Three ways thinking twice can enhance your life.

Key points

  • Suspending judgement and opening our minds can enhance our relationships.
  • Doubt can help us peel away layers of self-deception to live more authentically.
  • Learning new things requires us to be willing to look past old beliefs or ways of doing things.

Confidence is often honored in American culture. Yet, as demonstrated by the Dunning-Krueger effect, confidence does not always mean competence. Social psychologists have discovered that those who are often unskilled at something are also the least aware (Schlösser et al., 2013). Similarly, when someone knows little about a topic, they are more likely to feel certain of what they think they know.

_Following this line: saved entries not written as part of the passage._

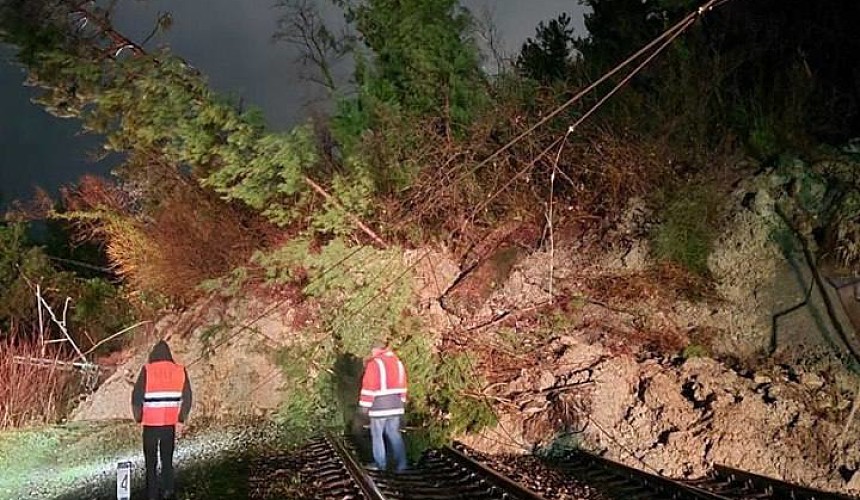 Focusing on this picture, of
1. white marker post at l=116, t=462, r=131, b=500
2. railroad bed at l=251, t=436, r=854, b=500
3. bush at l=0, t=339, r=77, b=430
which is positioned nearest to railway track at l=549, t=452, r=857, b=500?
railroad bed at l=251, t=436, r=854, b=500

Some fear that doubt must mean a total loss of security. Yet, a reasonable questioning of ourselves can serve as a gateway to learning new things, exploring ourselves, and ensuring we are on track in living our values. As much as confidence is, doubt can also be celebrated.

These are three ways that doubt can enhance your life.

1. Enhance Relationships

In mentalization-based therapy, there is something called a 'not-knowing' stance wherein the therapist listens to understand while suspending assumptions (Bateman et al., 2018). Often, our sureness in what we believe we know about other people can get in the way of us truly relating. When we step away from our judgments, recognizing that we do not have access to each other's inner worlds unless others grant it to us, we prime ourselves to relate. Similarly, when we have already made up our minds about what someone has to say before they have said it based on the prejudices we have toward them, we automatically create distance.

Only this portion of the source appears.